Algo que deberíamos tomar en cuenta siempre es la precaución al deleitarnos con las huayas, justamente por lo fácil que es atragantarse con una. Cuando era pequeña, veía a mi abuela y mis tías comiendo las huayas que les regalaba una vecina y deseaba participar en el festín; sin embargo, siempre me fue negado probar el fruto y mi abuela solía asustarme con historias de niños que habían muerto asfixiados por anolar huayas (el verbo anolar proviene del verbo nohla en lengua maya que significa roer o bien revolver algo duro en el interior de la boca). Por un tiempo pensé que eran simples exageraciones, pero el miedo infantil se aferró en mí por lo que transcurridos los años seguía negándome el gusto de probarlas. La realidad es que los frutos son tan tentadores que los yucatecos anhelan su temporada, aun cuando tales accidentes sí suceden:
El Consejo Estatal de Prevención de Accidentes de Yucatán informó que tan sólo de junio a agosto de 2012, temporada de cosecha, comercialización y consumo del fruto, hubo cuatro decesos y diez lesionados. Los fallecidos y accidentados fueron consecuencia de las caídas y el atragantamiento del fruto. (Mejía, 2016)

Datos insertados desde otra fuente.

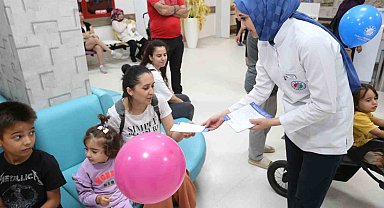 Kepez'de, anne sütünün önemi anlatıldı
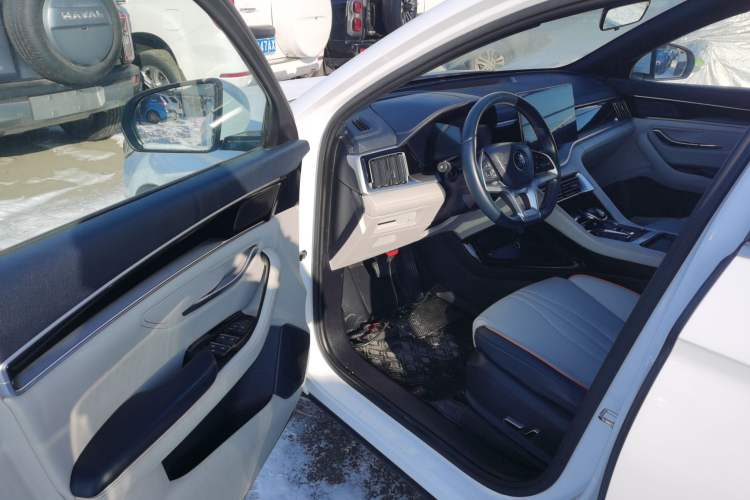 Used BYD Song PLUS New Energy 2021 EV Deluxe Model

No fue hasta mi casi adolescencia que me aventuré a degustarlas con mucho cuidado, desde entonces, aún sigo viendo las huayas como frutos prohibidos, pero cuando logro conseguir una o dos, las disfruto lenta y cuidadosamente hasta dejarlas secas. Esta fascinación por las huayas me ha llevado a encontrarlas hasta en la literatura yucateca, como ejemplo, María Luisa Góngora Pacheco escribió X-óotzilil/La pobreza (2009), que inicia así: “Lo que le molestaba a la viejita es que aquel que veía el fruto le daban ganas de comérselo y sin pedirle permiso se subía a la mata y anolaba las huayas” (Góngora, 2009, 106), esta molestia cambiaría con un deseo a un viejito al que ayudó “—Buen hombre —dijo la viejita—, lo único que quiero es que le digas a la huaya que no deje bajar al que suba a sus ramas, hasta que yo lo mande” (Góngora, 2009, 106). Este relato es muy cómico en la forma en que relata desde lo fantástico algo tan cotidiano en la vida yucateca como lo son las huayas, las cuales como hemos visto a lo largo de este trabajo, son tanto fruto como manjar, inspiración y hasta un peligro para los valientes que se atrevan a probarlas.